▶ _Problem details_:
If a record contains a picture, skip the picture and transcribe the rest exactly.

######

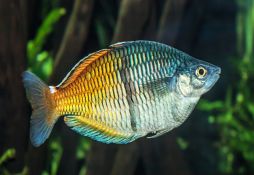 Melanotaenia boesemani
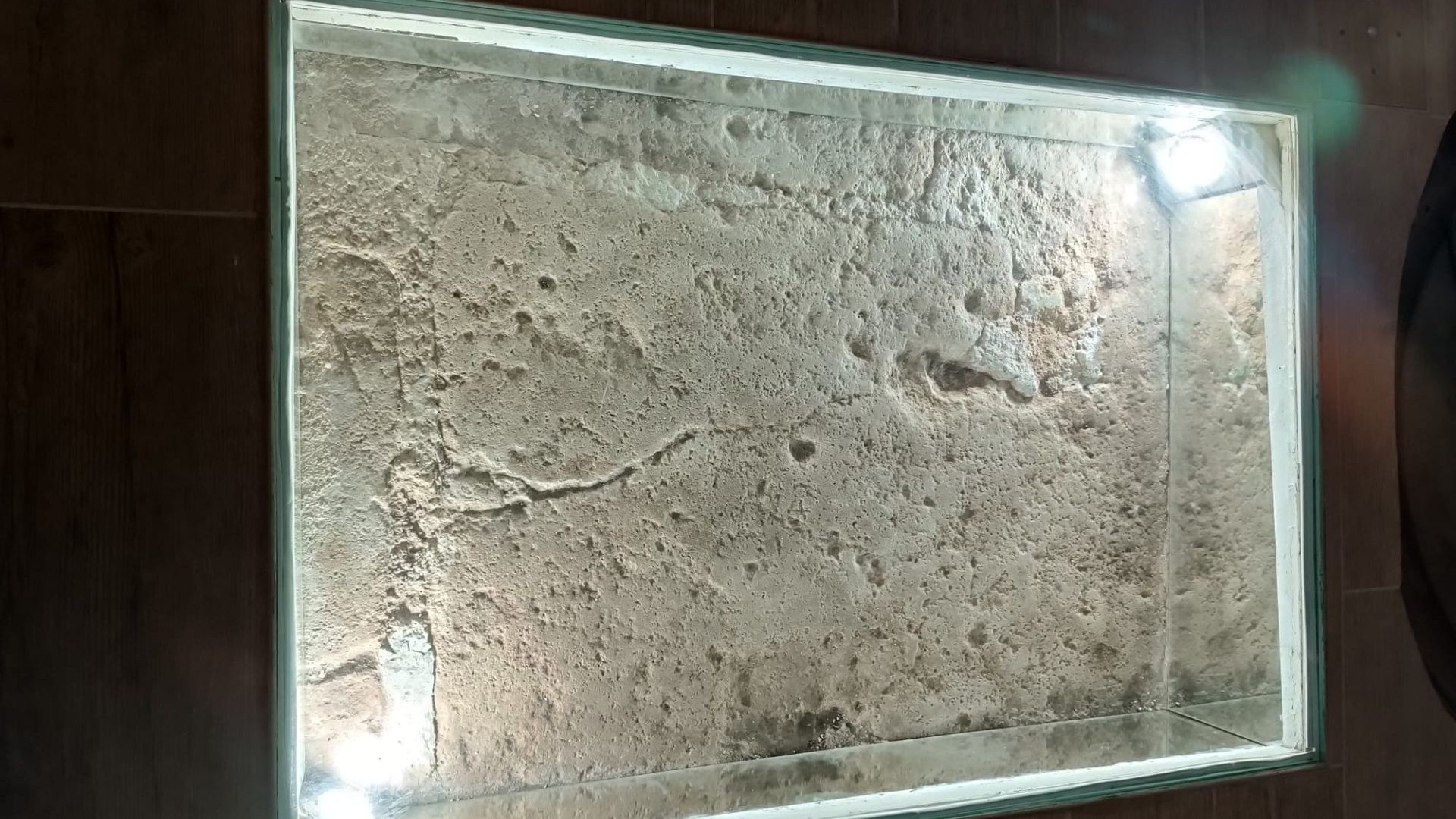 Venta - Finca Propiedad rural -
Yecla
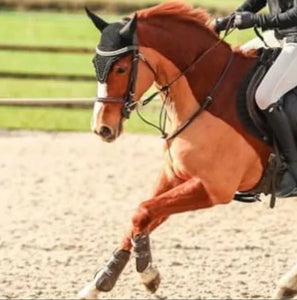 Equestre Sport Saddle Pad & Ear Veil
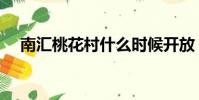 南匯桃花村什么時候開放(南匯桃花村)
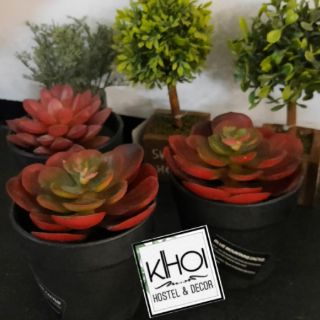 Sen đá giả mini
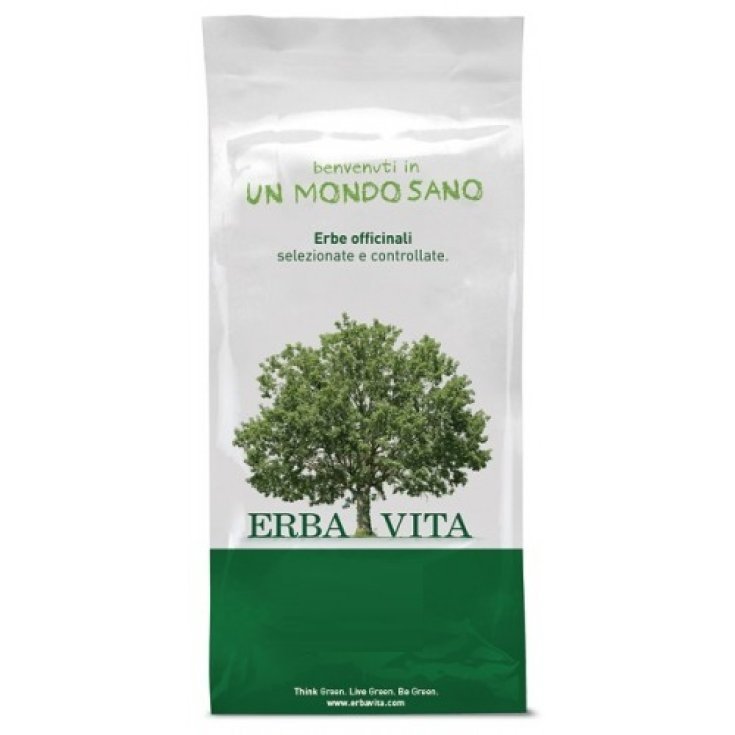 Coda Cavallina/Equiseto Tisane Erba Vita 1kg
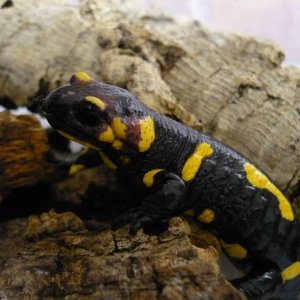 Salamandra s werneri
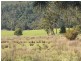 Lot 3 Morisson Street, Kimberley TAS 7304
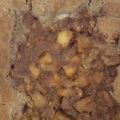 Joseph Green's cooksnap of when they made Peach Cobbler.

######

▶ _Output for this exercise_:
 Melanotaenia boesemani
 Venta - Finca Propiedad rural -
Yecla
 Equestre Sport Saddle Pad & Ear Veil
 南匯桃花村什么時候開放(南匯桃花村)
 Sen đá giả mini
 Coda Cavallina/Equiseto Tisane Erba Vita 1kg
 Salamandra s werneri
 Lot 3 Morisson Street, Kimberley TAS 7304
 Joseph Green's cooksnap of when they made Peach Cobbler.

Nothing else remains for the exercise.